Episode 1 — Fundamentals / 1.3 — Internet Protocols
1.3.a — What is TCP and Why Is It Widely Used?
In one sentence: TCP (Transmission Control Protocol) is the transport-layer protocol that guarantees your data arrives complete, in order, and without corruption — which is why virtually every webpage, email, and file transfer on the internet depends on it.
Navigation: ← 1.3 Overview · 1.3.b — TCP Three-Way Handshake →
Table of Contents
- 1. What is TCP?
- 2. History
- 3. Why TCP Exists — The Problem It Solves
- 4. Key Features of TCP
- 5. How TCP Guarantees Reliability
- 6. TCP Segment Structure
- 7. TCP Ports — Finding the Right Application
- 8. Flow Control and Congestion Control
- 9. TCP Connection Lifecycle
- 10. Why TCP is Widely Used
- 11. Where TCP is Used (Real-World Examples)

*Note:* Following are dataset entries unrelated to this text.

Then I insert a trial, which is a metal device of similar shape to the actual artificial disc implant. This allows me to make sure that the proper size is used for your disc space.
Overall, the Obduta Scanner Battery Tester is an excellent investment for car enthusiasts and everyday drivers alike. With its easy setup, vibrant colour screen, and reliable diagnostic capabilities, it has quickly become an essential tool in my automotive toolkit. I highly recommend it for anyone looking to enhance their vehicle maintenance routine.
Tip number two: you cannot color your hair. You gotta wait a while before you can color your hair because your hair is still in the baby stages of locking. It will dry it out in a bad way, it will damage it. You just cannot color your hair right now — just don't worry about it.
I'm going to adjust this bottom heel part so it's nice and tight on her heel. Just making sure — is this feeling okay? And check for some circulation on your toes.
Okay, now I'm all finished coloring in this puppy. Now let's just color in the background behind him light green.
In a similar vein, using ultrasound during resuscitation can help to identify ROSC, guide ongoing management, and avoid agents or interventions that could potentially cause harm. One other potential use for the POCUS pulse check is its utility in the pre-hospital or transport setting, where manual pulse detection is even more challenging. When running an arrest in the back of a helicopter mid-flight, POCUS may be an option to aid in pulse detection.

- 12. Disadvantages of TCP
- 13. Key Takeaways
- 14. Explain-It Challenge
1. What is TCP?
TCP stands for Transmission Control Protocol. It is one of the core protocols of the Internet Protocol Suite (TCP/IP) and operates at Layer 4 (Transport) of the OSI model.

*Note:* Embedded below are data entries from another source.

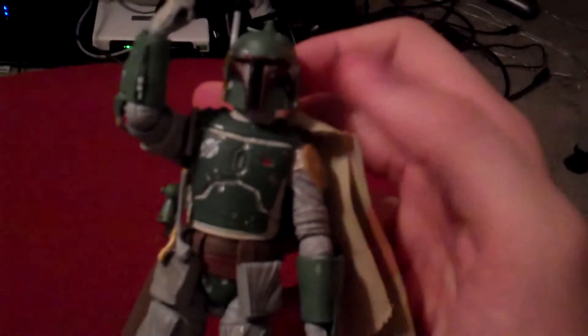Just trying to set him up so you can kind of see him. It's not the best place to put him, but we'll just have him right like that so you can see. And that's it for this time. Hope you guys enjoyed, and I'll see you later.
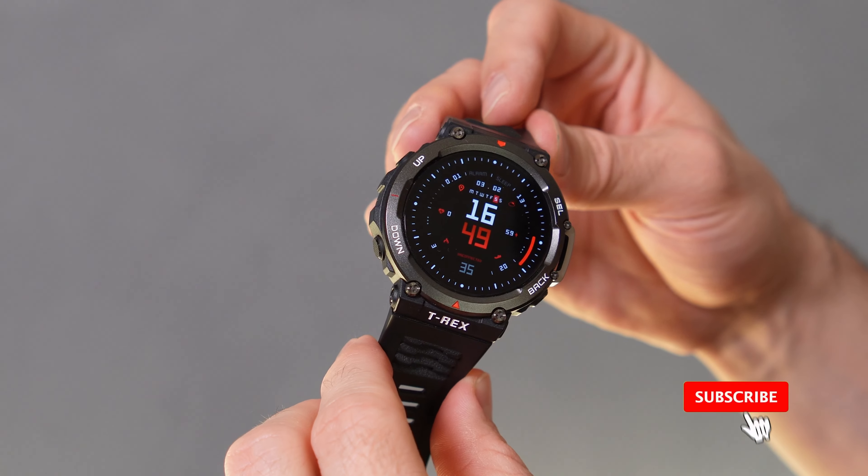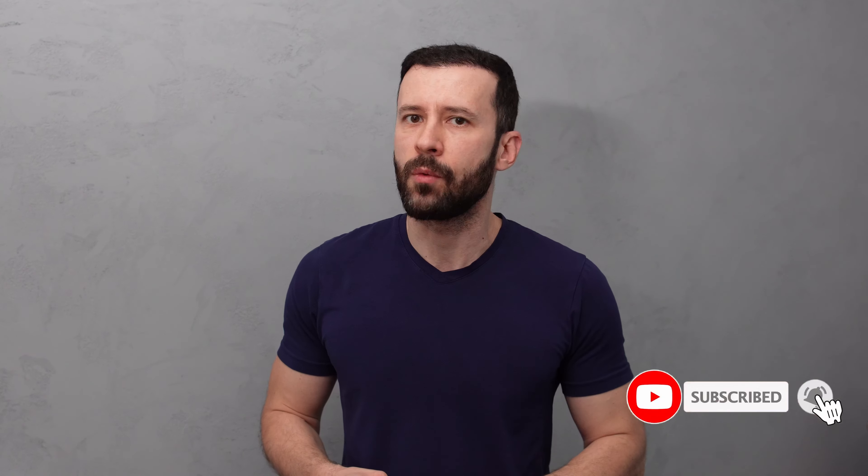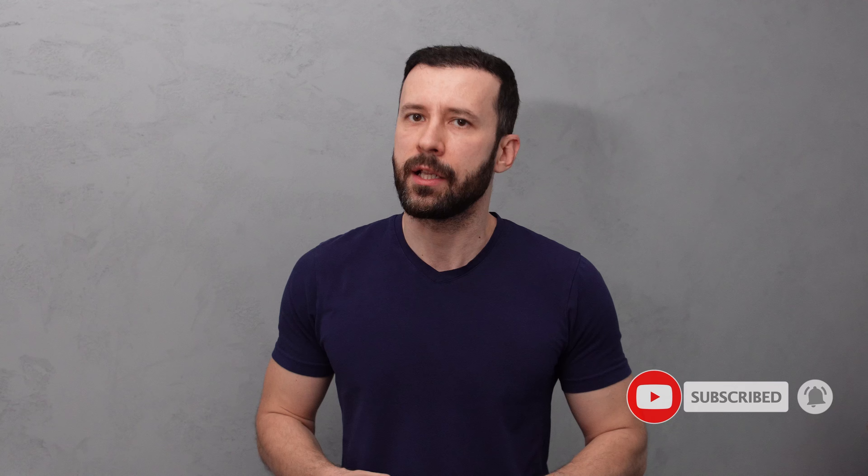I'll go through some of my favorite ones on the Amazfit GTR 3 and the T-Rex 2, which by the way are two fantastic watches with a big battery life and lots of features.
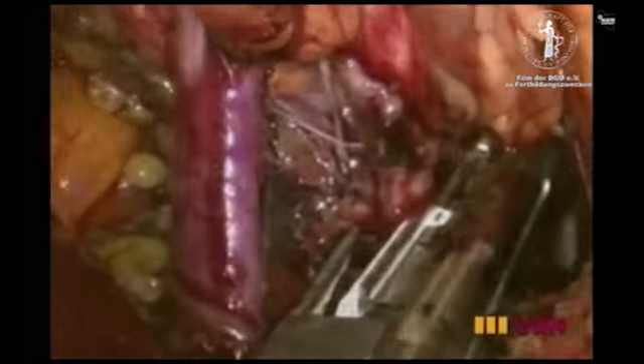The renal vessels are prepared and then dissected with vascular endoscopic staplers. In single-port radical nephrectomy, the kidney is removed along with Gerota's fascia, including the perirenal fat.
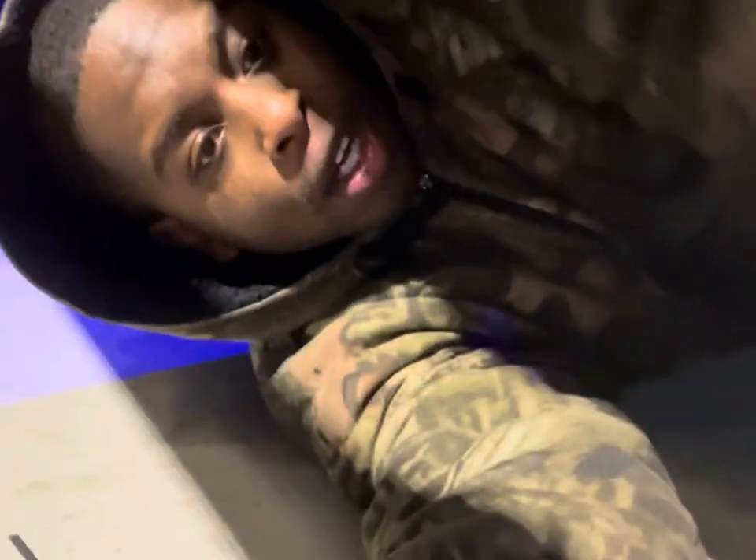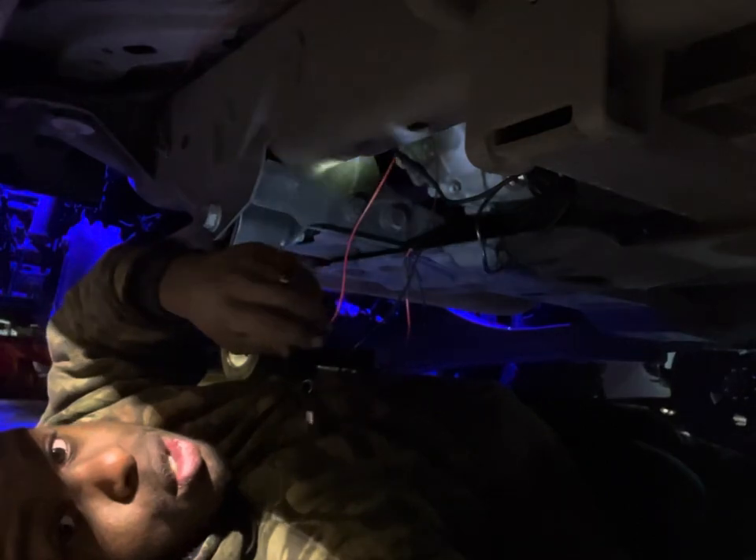So we're starting off underneath the truck. I am helping my homeboy — he has the same truck as me, he has the 6.4 liter in his. Right now I'm just trying to finish up his wiring. We already got his lights on, so let's just get straight to it.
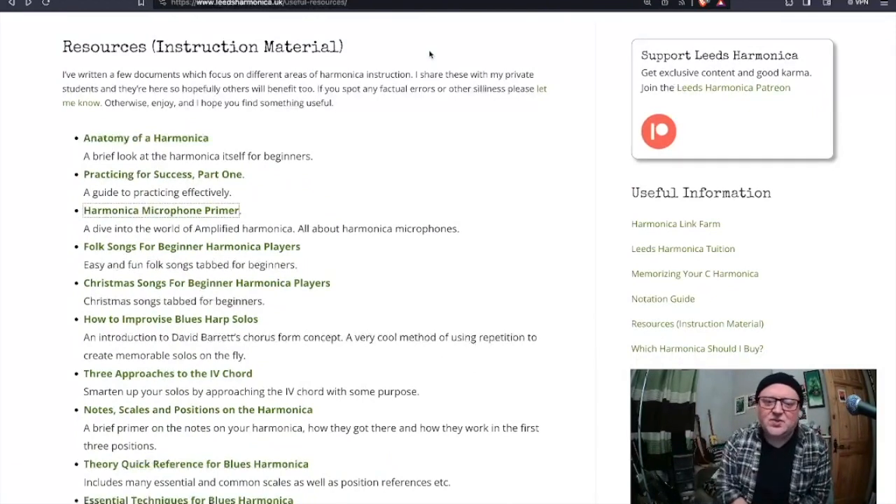I just wanted to draw attention to that because it is very hidden on the website and I forget about it. It does occasionally get added to, but most of that stuff is fairly historical at this point - though the facts haven't changed in the meantime. Feel free to help yourself to any of that; it's all there for free download. I'll be back with Life of Love and Blues Harmonica Licks on Tuesday. Have a good weekend - see you soon.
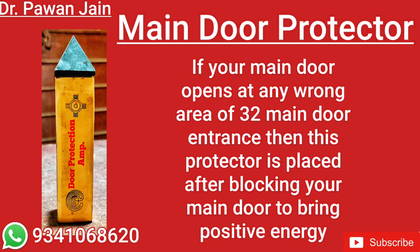Namaste friends, welcome to my Vastu channel. Today we are going to learn about the main door protector — how it is used, where it is to be kept, and what is filled in it.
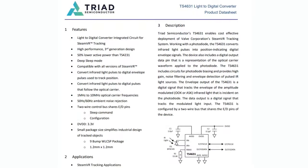The TS4631 is the latest generation of their light digital converter. At the bottom right you can see the usage diagram — you connect this chip with a couple of passives and a big IR photodiode, and it can send the envelope and data from infrared lighthouse transmitters to a microcontroller with wireless connectivity like Wi-Fi, Bluetooth, or Zigbee, which can then track the item with millimeter precision in a 3D space like a room.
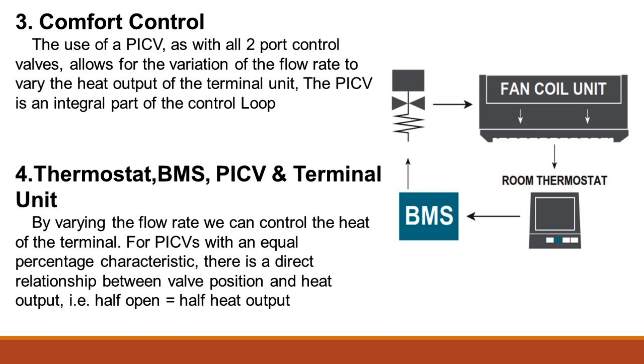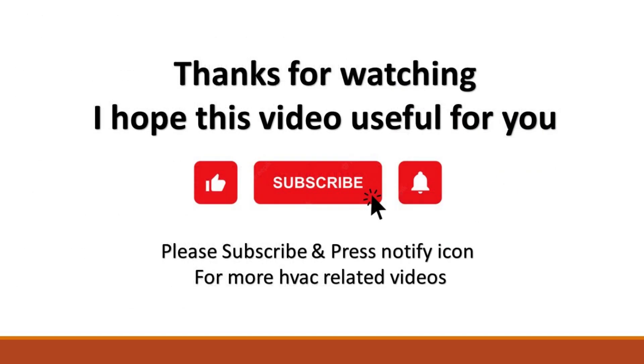The use of a PICV, as with all two-port control valves, allows for the variation of the flow rate to vary the heat output of the terminal unit — the PICV is an integral part of the control loop. By varying the flow rate, we can control the heat of the terminal. For PICVs with an equal percentage characteristic, there is a direct relationship between valve position and heat output — i.e., half open is equal to half heat output.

TCP provides a reliable, ordered, error-checked stream of bytes between two applications running on different machines over a network. When you load a webpage, download a file, or send an email — TCP is the protocol making sure every byte gets there correctly.
| Property | What it means |
|---|---|
| Connection-oriented | Before any data flows, both sides establish a connection (the three-way handshake) |
| Reliable delivery | Lost packets are detected and retransmitted automatically |
| Ordered | Data arrives in the same order it was sent, regardless of how packets traveled |
| Error-checked | Every segment includes a checksum to catch corruption |
| Full-duplex | Both sides can send and receive data simultaneously |
| Stream-oriented | Applications see a continuous byte stream, not individual packets |
2. History
| Year | Event |
|---|---|
| 1974 | Vint Cerf and Bob Kahn publish the original TCP concept in "A Protocol for Packet Network Intercommunication" |
| 1978 | TCP is split into TCP (reliability) and IP (routing) — creating the TCP/IP model we know today |
| 1981 | TCP formally specified in RFC 793 |
| 1983 | ARPANET switches to TCP/IP — the birthday of the modern internet |
| 2022 | TCP remains the foundation of most internet traffic; HTTP/3 (QUIC) is the first major web protocol to move away from TCP |
TCP has been refined over decades with extensions for congestion control (Reno, Cubic, BBR), selective acknowledgments (SACK), window scaling, timestamps, and more — but the core design from 1981 remains remarkably intact.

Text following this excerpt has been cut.